Moi, j'entre ici, où, par la force de mon art, je vais d'un seul coup de baguette endormir la vigilance, éveiller l'amour, égarer la jalousie, fourvoyer l'intrigue et renverser tous les obstacles. Vous, monseigneur, chez moi, l'habit de soldat, le billet de logement, et de l'or dans vos poches.

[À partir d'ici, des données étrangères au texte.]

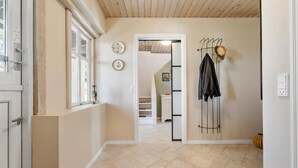 A hallway with a tiled floor, a coat rack with hats, and a door with a window.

Mais la fin de la scène et de l'acte, par une double distraction du stratège inspiré, qui lui fait oublier sa guitare et son domicile, casse le nez de ce grand envol (comme pour Sganarelle devant Dom Juan dans d'autres perspectives). Va-t-on chercher des poux dans cette belle fin de l'acte I, en s'avisant de reprocher à Figaro de ne pas parler avec « naturel », de rythmer savamment sa longue phrase qui accumule les infinitifs trisyllabiques? L'amorce très écrite de tirade a évidemment pour but de préparer, par son « artifice » même, par son ornementation rhétorique soulignée, le ren­versement comique qui va sanctionner gaiement le trop bavard et trop assuré « machiniste », dont on exhibe la fonction canonique tout en jouant avec elle. A n'en pas douter, il y a bien ivresse ver­bale, mais au service de la gaieté théâtrale, et l'on sait quelle place tiendra dans Le Mariage de Figaro l'écart entre l'assurance volubile du valet et le cours des choses. De ce décalage naissent le grand monologue et l'intrigue autonome des femmes, Si décisifs pour l'élargissement du sens de la pièce.

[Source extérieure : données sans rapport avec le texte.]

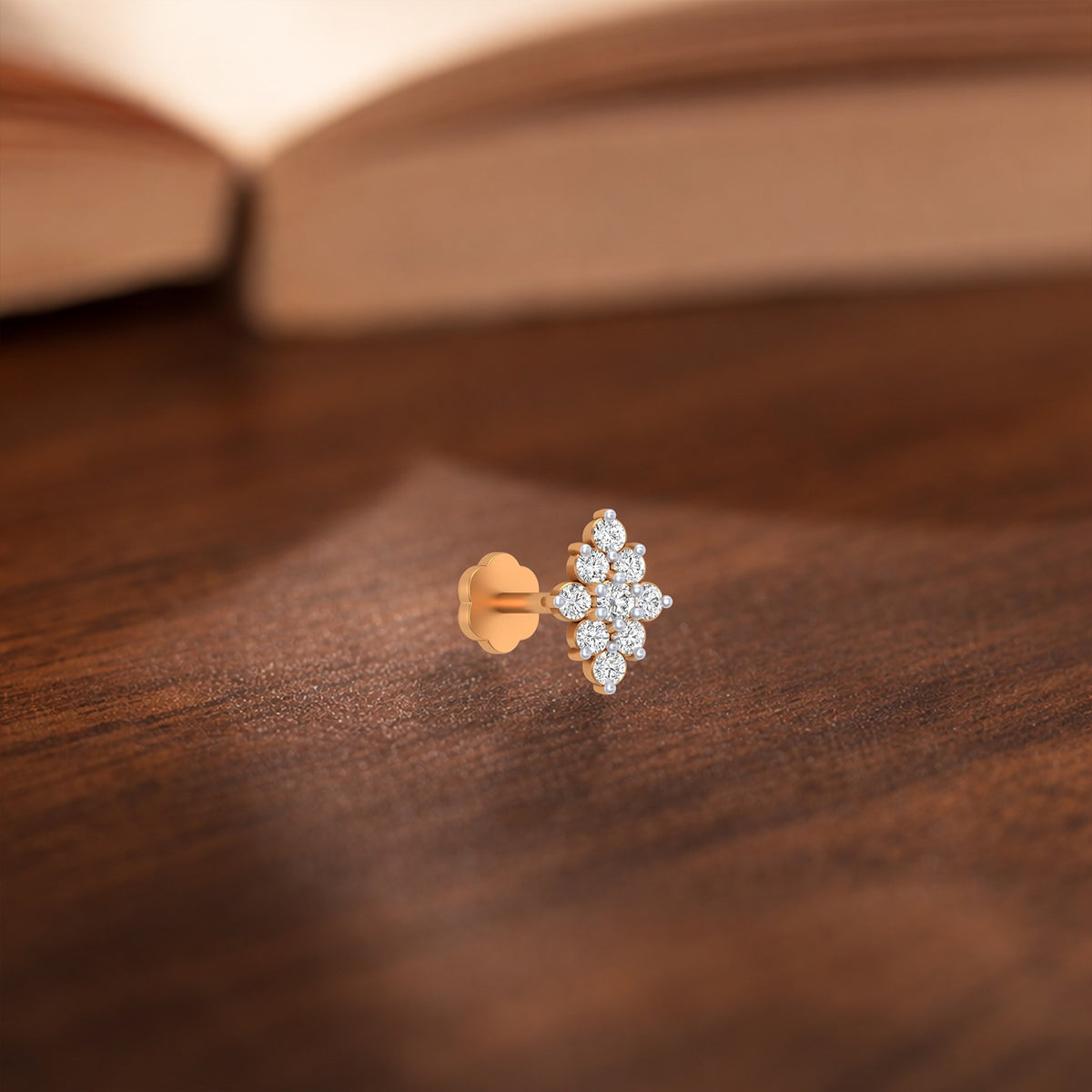 gold and diamond cluster nose ring against a wooden surface.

On peut donc envisager la tirade de la calomnie sous deux points de vue différents, mais complémentaires. Morceau de bravoure, elle est d'abord discours de l'auteur au public - un auteur toutjuste sorti d'une polémique retentissante qui a failli l'emporter.

Il faut le rappeler, le plaisir de l'allusion (à des personnes et circonstances contemporaines), le plus souvent construite de toute pièce par le public aux aguets, à propos d'un texte qui n'en peut mais, était consubstantiel à la vie théâtrale d'Ancien Régime, et mobilisait la vigilance policière. Mais pas plus qu'on ne saurait ignorer qu'au théâtre toute parole s'adresse aussi et surtout au spectateur, on ne doit méconnaître l'intégration de la tirade dans un mécanisme dra­maturgique qui lui assigne, de gré ou de force, d'autres valeurs que l'auto-allusion ironique ou le narcissisme artistique. Le pouvoir de la calomnie, Beaumarchais a toutes les raisons d'y croire dur comme fer - il a manqué s'y briser, et sa pièce avec lui, à supposer qu'il n'en ait pas usé lui-même. Or le plaisant de l'effet scénique concocté dans Le Barbier, c'est qu'il amuse le spectateur avec l'inefficacité incongrue du remède de Bazile, comiquement souli­gnée par le pragmatisme brutal de Bartholo. Au risque de jeter le pavé de l'ours sur ce court passage, ne verrait-on pas ici à l'oeuvre un des processus qui travaillent et transforment l'idéologie dans un texte théâtral ? On s'aperçoit en effet qu'un très bref segment, apparemment limpide, peut se prêter à des jugements apparemment contradictoires : Beaumarchais ridiculise la calomnie; Beaumar­chais exalte ses pouvoirs, fût-ce en riant. Imaginons qu'au lieu de la calomnie, qui n'intéresse aucun critique faute d'exister dans le monde universitaire ou la société démocratique, Bazile traite d'un « grand » thème philosophique. Tout serait en place pour une longue querelle d'interprétation, où chaque camp disposerait d'armes excellentes. Aussi aiguisées que les arguments pour et contre la portée révolutionnaire du théâtre de Beaumarchais. En fait, dans le cas qui nous occupe, il n'y a pas contradiction (au sens d'une incohérence logique), mais surdétermination de significations, en raison du caractère propre du langage théâtral, censé s'improviser dans l'urgence la plus violente entre des personnes vivantes, en chair et en os devant nous, alors qu'une partie du sens leur échappe toujours et ne s'adresse qu'aux centaines d'yeux et d'oreilles aux aguets dans l'ombre, en quête de plaisir.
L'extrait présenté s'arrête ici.